All of the data below should be printed again word for word, pictures excluded.
======== Stored data
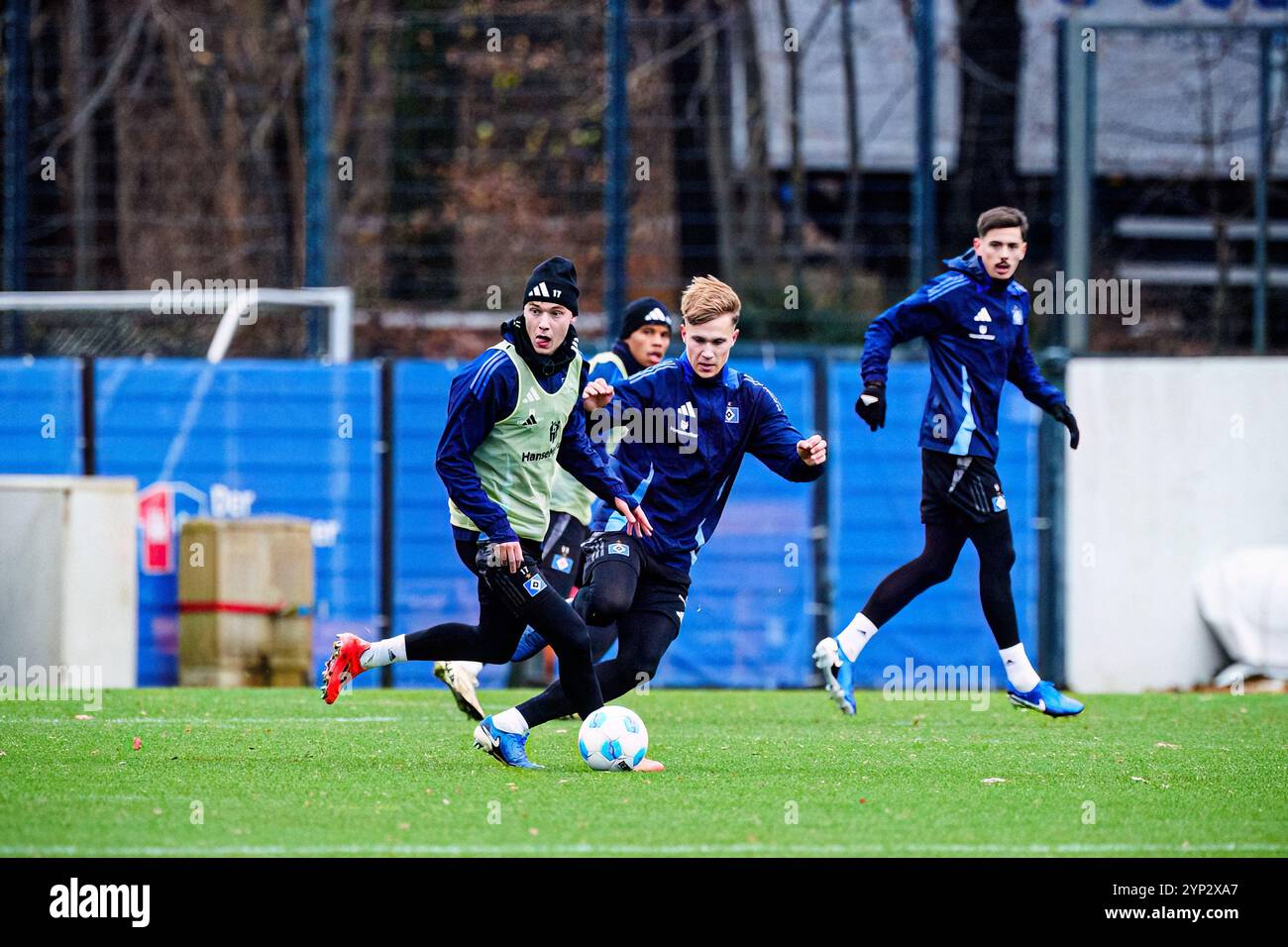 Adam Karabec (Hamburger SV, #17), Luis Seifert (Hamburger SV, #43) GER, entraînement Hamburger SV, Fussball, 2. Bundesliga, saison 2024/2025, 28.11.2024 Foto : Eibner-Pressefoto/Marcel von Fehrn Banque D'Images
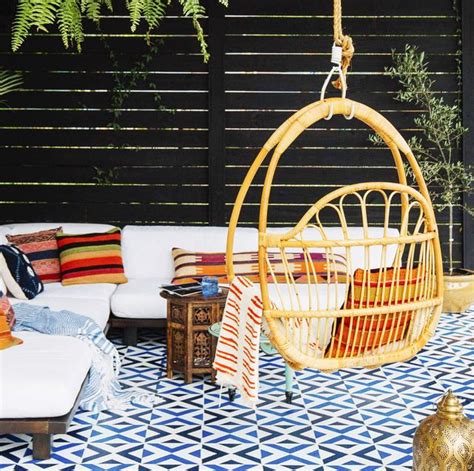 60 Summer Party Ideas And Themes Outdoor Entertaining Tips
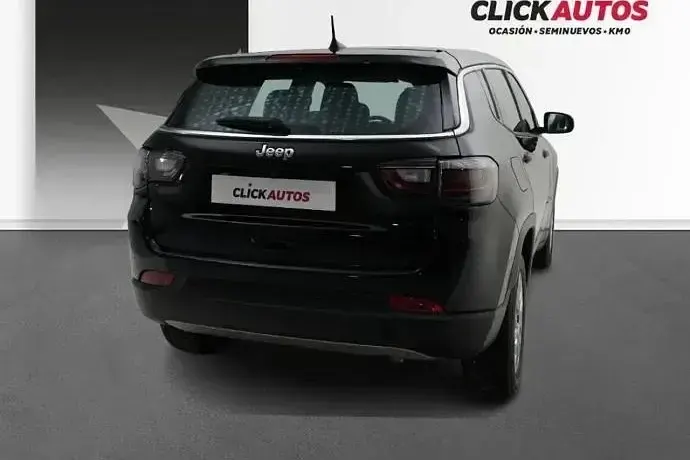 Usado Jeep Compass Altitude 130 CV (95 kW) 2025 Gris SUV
================
Exercise result:
 Adam Karabec (Hamburger SV, #17), Luis Seifert (Hamburger SV, #43) GER, entraînement Hamburger SV, Fussball, 2. Bundesliga, saison 2024/2025, 28.11.2024 Foto : Eibner-Pressefoto/Marcel von Fehrn Banque D'Images
 60 Summer Party Ideas And Themes Outdoor Entertaining Tips
 Usado Jeep Compass Altitude 130 CV (95 kW) 2025 Gris SUV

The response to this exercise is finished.